A more graph-savvy way of
expressing the GOP fallacy here, is to say that Republicans have transformed the Laffer Curve:
into the Laffer Line:
The logical conclusion would be that we can collect nearly infinite revenue from nearly 0% tax rates. Anyone with the most rudimentary understanding of basic arithmetic should be skeptical that this is true.
Bookman continues:
But the problem is, something very destructive happened in the translation of this economic theory into political language and policy. In the popular conservative version of the Laffer Curve, no debate over the location of Point A is even tolerated, because cutting tax rates is said to ALWAYS generate more government revenue.
...
If lower rates always produce more revenue, as the right likes to claim, the Laffer Curve becomes the Laffer Line, and Point A, the sweet spot, stands at a tax rate of zero.

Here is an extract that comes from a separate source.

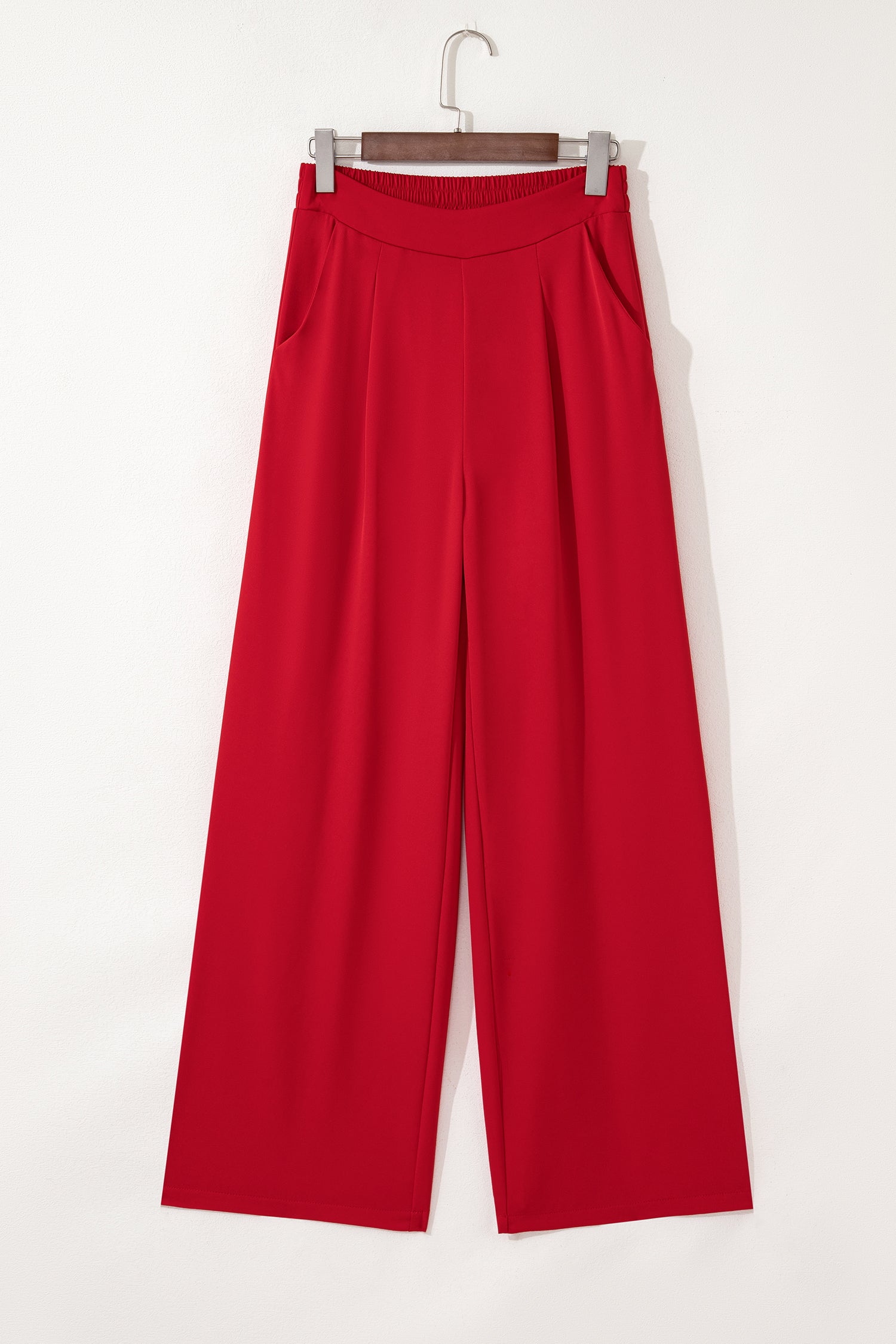 Fiery Red Pleated High Waist Pull On Loose Straight Pants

While that makes no sense mathematically, politically it is an enormously appealing notion. It’s like telling someone with an obesity problem that the best way to lose weight is to always eat more ice cream — more times than not, their eagerness to believe overwhelms any skepticism.
OK. So cutting taxes won't increase government revenue. But that leaves two more false claims in the collective minds of the American public:
- The Super Rich will not invest if we tax them more, so say goodbye to job-creation
- The continued job problems are a direct result of "uncertainty" on the part of job-creators, and this is clearly the result of impending tax increases and federal overreach, especially regulatory overreach.

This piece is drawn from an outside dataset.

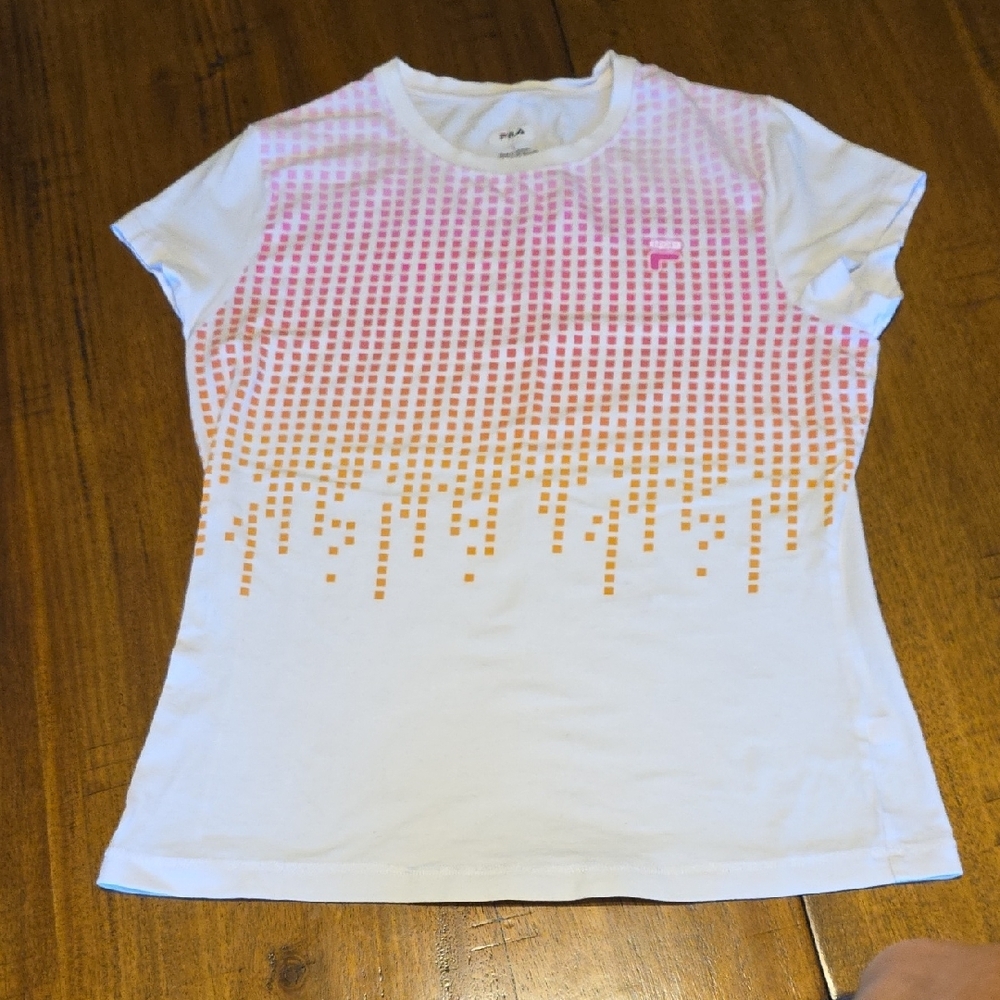 Fila Short Sleeve Tee with Pink and Orange Design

While I'd like to leave a more detailed discussion of the GOP narrative on taxes--and the precise nature of their rhetorical advantage--to a later post, it is important that Democrats address the "uncertainty" argument with urgency and clarity.
Current US tax rates will inevitably rise. Even though the GOP seem to be demanding it,
we simply cannot afford permanent extensions of the Bush tax cuts. This is, quite simply, an economic and political reality that cannot be avoided. That being true, extending the top rates temporarily
actually adds to the uncertainty supposedly experienced by the investor class. Some clarity now, even if it means slightly higher taxes,
will ultimately be good for the economy.
Legislatively, the
best strategy is for the Pelosi lame-duck House to move forward with a permanent Middle Class tax:
Specifically: Dems could still hold a vote only on whether to extend the middle class tax cuts permanently, without tying it to any vote on the high end cuts. That, at any rate, is what some on the left are pushing for, arguing that it's a good way for Dems to use their remaining control over the legislative agenda to their advantage.
When Republicans and the Super Rich claim that increases in the top tax rate exacerbate unemployment, they are attempting to extort the American people--and should be called-out as such. It's not the federal government that outsources jobs to China and India, it's the movers-and-shakers in Corporate America. These executives and the corporations that they oversee should be held to a new standard of American Economic Patriotism in the years and decades to come. The American Middle Class depends on it.